BP I think one of the things that surprised us but delighted us about Mirror was the number of households with more than two members. Over 65% of our households have more than two members, which means you often include younger household members. I think that depends on both the versatility of the platform and the fact that multiple people can participate in more content. At the same time, we've actually seen the number of users under the age of 20 increase roughly five-fold in the COVID months as young adults returned home to be with their families or teens started remote learning. So we got involved with so-called "family fun" content that the whole family wanted to perform together.
TC: Do you see a secondary market for refurbished mirrors in the future? Will there be a second version if it hasn't already?
BP: We'll keep refining the hardware over time, of course, but the real focus of the business is on improving the content, the community, the experience, and so for us – unlike Apple where the goal is, really Bring out a new model We're focused on providing updates on the software and content so we can continue adding value to the base experience.
TC: What can the people on this front look forward to?
BP: We're taking an important step in building a connected community with our community feature set kicking off this holiday, including a community feature that allows members to see and communicate with each other and their instructors. Face Offs, which allow members to compete against another member of the community and earn points when you hit your target heart rate zones. and friends so you can find and follow your friends in the Mirror community to share your favorite workouts, participate in programs together, and cheer each other on.
TC: Do you still sell mirrors to hotels and businesses outside of Lululemon?
BP: We have B2B relationships. Via the Mirror website, the Lululemon website and our two [offline] stores, you can find mirrors in hotels, small gyms, buildings, residential buildings and then directly at the consumer.
TC: If you look at Peloton now and see its stocks completely skyrocketing this year, do you ever think you should have held out a little longer? Do you ever think, "Maybe I sold too early?"

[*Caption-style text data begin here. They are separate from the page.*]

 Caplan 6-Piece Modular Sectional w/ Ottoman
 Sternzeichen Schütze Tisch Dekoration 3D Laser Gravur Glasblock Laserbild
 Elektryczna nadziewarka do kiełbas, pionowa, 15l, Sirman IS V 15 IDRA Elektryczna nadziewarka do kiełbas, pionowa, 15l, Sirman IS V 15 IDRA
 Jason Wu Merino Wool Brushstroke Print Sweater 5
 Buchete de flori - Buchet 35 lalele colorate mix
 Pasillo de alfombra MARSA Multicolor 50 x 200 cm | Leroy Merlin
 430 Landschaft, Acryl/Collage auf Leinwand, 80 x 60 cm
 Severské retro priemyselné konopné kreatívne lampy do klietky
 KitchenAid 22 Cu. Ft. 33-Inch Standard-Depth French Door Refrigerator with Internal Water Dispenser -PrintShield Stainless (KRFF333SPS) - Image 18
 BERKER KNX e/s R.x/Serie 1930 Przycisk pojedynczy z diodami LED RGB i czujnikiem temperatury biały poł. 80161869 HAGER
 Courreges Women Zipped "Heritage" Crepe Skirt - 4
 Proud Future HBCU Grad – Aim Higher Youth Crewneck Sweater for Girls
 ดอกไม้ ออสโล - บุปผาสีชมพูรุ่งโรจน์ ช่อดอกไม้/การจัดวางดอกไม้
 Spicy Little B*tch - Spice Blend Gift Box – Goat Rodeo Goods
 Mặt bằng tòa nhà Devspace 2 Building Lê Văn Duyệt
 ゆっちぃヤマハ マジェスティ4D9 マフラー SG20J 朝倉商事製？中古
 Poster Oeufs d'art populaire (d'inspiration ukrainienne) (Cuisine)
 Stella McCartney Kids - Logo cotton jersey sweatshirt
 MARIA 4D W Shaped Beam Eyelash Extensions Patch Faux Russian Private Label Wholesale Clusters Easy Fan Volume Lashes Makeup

I woke up every day for my entire career and focused on the same mission but tried to solve the problem and achieve my vision in different ways. Which is: I really believe that trusting your own skin is the basis for a good and happy life. And fitness is an incredible tool for building that trust, which carries over to your personal relationships, job performance, and friendships. For me it has always been the North Star: “How do we get more mirrors into more homes and provide more access to that confidence?” So I spend very little time compared to competitors and a lot more time focused on the needs of our members and like them can meet these.